# TASK INSTRUCTIONS
Repeat, exactly and completely, the entries shown underneath.

# RECORDS

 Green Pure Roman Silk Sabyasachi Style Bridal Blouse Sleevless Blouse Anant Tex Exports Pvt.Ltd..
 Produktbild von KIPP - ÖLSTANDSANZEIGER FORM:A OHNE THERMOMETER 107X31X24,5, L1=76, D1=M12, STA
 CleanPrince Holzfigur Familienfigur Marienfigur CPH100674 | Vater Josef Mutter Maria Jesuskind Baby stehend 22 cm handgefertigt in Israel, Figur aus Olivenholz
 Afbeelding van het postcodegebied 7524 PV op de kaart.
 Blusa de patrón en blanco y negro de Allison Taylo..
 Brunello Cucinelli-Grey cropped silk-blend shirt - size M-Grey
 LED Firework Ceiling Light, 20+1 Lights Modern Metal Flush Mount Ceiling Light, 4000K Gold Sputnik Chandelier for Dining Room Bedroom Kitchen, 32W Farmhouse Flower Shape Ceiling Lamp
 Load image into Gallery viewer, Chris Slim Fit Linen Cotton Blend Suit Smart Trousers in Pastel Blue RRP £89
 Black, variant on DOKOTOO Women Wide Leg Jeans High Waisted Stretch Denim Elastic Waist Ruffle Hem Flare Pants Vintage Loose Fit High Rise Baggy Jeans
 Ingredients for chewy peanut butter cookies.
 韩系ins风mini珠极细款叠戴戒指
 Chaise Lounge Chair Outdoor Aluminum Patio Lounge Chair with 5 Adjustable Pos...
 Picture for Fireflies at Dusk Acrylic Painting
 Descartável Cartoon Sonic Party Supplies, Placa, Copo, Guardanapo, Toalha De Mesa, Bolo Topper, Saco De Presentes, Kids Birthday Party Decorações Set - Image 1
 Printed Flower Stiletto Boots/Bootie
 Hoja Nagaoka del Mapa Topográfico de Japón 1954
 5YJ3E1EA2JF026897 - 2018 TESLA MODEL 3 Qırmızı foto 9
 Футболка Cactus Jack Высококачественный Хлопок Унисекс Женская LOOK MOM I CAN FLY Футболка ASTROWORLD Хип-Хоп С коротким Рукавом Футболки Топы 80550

# ANSWER BOX
 Green Pure Roman Silk Sabyasachi Style Bridal Blouse Sleevless Blouse Anant Tex Exports Pvt.Ltd..
 Produktbild von KIPP - ÖLSTANDSANZEIGER FORM:A OHNE THERMOMETER 107X31X24,5, L1=76, D1=M12, STA
 CleanPrince Holzfigur Familienfigur Marienfigur CPH100674 | Vater Josef Mutter Maria Jesuskind Baby stehend 22 cm handgefertigt in Israel, Figur aus Olivenholz
 Afbeelding van het postcodegebied 7524 PV op de kaart.
 Blusa de patrón en blanco y negro de Allison Taylo..
 Brunello Cucinelli-Grey cropped silk-blend shirt - size M-Grey
 LED Firework Ceiling Light, 20+1 Lights Modern Metal Flush Mount Ceiling Light, 4000K Gold Sputnik Chandelier for Dining Room Bedroom Kitchen, 32W Farmhouse Flower Shape Ceiling Lamp
 Load image into Gallery viewer, Chris Slim Fit Linen Cotton Blend Suit Smart Trousers in Pastel Blue RRP £89
 Black, variant on DOKOTOO Women Wide Leg Jeans High Waisted Stretch Denim Elastic Waist Ruffle Hem Flare Pants Vintage Loose Fit High Rise Baggy Jeans
 Ingredients for chewy peanut butter cookies.
 韩系ins风mini珠极细款叠戴戒指
 Chaise Lounge Chair Outdoor Aluminum Patio Lounge Chair with 5 Adjustable Pos...
 Picture for Fireflies at Dusk Acrylic Painting
 Descartável Cartoon Sonic Party Supplies, Placa, Copo, Guardanapo, Toalha De Mesa, Bolo Topper, Saco De Presentes, Kids Birthday Party Decorações Set - Image 1
 Printed Flower Stiletto Boots/Bootie
 Hoja Nagaoka del Mapa Topográfico de Japón 1954
 5YJ3E1EA2JF026897 - 2018 TESLA MODEL 3 Qırmızı foto 9
 Футболка Cactus Jack Высококачественный Хлопок Унисекс Женская LOOK MOM I CAN FLY Футболка ASTROWORLD Хип-Хоп С коротким Рукавом Футболки Топы 80550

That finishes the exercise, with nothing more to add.